=== WHAT TO WORK ON ===
Down to the final character, output the records below as they stand.

=== STORED DATA ===
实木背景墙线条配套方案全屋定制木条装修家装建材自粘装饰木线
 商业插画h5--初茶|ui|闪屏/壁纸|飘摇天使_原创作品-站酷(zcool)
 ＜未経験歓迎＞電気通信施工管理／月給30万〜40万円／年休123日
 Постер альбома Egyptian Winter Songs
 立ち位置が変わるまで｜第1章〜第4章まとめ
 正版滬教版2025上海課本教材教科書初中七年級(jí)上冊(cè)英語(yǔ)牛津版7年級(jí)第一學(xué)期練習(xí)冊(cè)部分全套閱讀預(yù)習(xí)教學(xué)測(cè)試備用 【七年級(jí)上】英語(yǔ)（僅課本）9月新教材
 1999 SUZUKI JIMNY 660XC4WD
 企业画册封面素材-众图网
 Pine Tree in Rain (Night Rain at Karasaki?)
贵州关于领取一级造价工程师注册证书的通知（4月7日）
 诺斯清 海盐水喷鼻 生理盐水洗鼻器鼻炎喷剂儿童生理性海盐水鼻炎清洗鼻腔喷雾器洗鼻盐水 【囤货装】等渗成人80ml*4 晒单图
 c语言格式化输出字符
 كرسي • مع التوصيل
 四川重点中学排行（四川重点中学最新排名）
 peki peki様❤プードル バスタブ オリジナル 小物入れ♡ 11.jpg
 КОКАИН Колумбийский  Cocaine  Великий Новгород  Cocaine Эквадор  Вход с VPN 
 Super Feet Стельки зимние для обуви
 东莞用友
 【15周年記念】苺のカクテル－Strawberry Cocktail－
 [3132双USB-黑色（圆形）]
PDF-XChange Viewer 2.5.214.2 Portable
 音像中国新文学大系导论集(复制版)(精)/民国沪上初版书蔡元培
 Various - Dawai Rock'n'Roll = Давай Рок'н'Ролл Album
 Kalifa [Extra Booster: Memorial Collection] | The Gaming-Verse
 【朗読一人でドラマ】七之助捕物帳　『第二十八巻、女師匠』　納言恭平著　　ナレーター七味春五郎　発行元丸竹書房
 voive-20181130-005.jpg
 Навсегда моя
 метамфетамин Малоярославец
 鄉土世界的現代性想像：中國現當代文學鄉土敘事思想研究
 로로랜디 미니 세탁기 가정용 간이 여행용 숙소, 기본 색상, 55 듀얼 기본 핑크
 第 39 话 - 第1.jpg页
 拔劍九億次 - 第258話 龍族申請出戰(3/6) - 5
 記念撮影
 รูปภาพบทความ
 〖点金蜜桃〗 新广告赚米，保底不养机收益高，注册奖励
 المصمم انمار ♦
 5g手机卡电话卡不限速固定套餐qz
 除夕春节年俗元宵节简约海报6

=== FINISHED EXERCISE ===
实木背景墙线条配套方案全屋定制木条装修家装建材自粘装饰木线
 商业插画h5--初茶|ui|闪屏/壁纸|飘摇天使_原创作品-站酷(zcool)
 ＜未経験歓迎＞電気通信施工管理／月給30万〜40万円／年休123日
 Постер альбома Egyptian Winter Songs
 立ち位置が変わるまで｜第1章〜第4章まとめ
 正版滬教版2025上海課本教材教科書初中七年級(jí)上冊(cè)英語(yǔ)牛津版7年級(jí)第一學(xué)期練習(xí)冊(cè)部分全套閱讀預(yù)習(xí)教學(xué)測(cè)試備用 【七年級(jí)上】英語(yǔ)（僅課本）9月新教材
 1999 SUZUKI JIMNY 660XC4WD
 企业画册封面素材-众图网
 Pine Tree in Rain (Night Rain at Karasaki?)
贵州关于领取一级造价工程师注册证书的通知（4月7日）
 诺斯清 海盐水喷鼻 生理盐水洗鼻器鼻炎喷剂儿童生理性海盐水鼻炎清洗鼻腔喷雾器洗鼻盐水 【囤货装】等渗成人80ml*4 晒单图
 c语言格式化输出字符
 كرسي • مع التوصيل
 四川重点中学排行（四川重点中学最新排名）
 peki peki様❤プードル バスタブ オリジナル 小物入れ♡ 11.jpg
 КОКАИН Колумбийский  Cocaine  Великий Новгород  Cocaine Эквадор  Вход с VPN 
 Super Feet Стельки зимние для обуви
 东莞用友
 【15周年記念】苺のカクテル－Strawberry Cocktail－
 [3132双USB-黑色（圆形）]
PDF-XChange Viewer 2.5.214.2 Portable
 音像中国新文学大系导论集(复制版)(精)/民国沪上初版书蔡元培
 Various - Dawai Rock'n'Roll = Давай Рок'н'Ролл Album
 Kalifa [Extra Booster: Memorial Collection] | The Gaming-Verse
 【朗読一人でドラマ】七之助捕物帳　『第二十八巻、女師匠』　納言恭平著　　ナレーター七味春五郎　発行元丸竹書房
 voive-20181130-005.jpg
 Навсегда моя
 метамфетамин Малоярославец
 鄉土世界的現代性想像：中國現當代文學鄉土敘事思想研究
 로로랜디 미니 세탁기 가정용 간이 여행용 숙소, 기본 색상, 55 듀얼 기본 핑크
 第 39 话 - 第1.jpg页
 拔劍九億次 - 第258話 龍族申請出戰(3/6) - 5
 記念撮影
 รูปภาพบทความ
 〖点金蜜桃〗 新广告赚米，保底不养机收益高，注册奖励
 المصمم انمار ♦
 5g手机卡电话卡不限速固定套餐qz
 除夕春节年俗元宵节简约海报6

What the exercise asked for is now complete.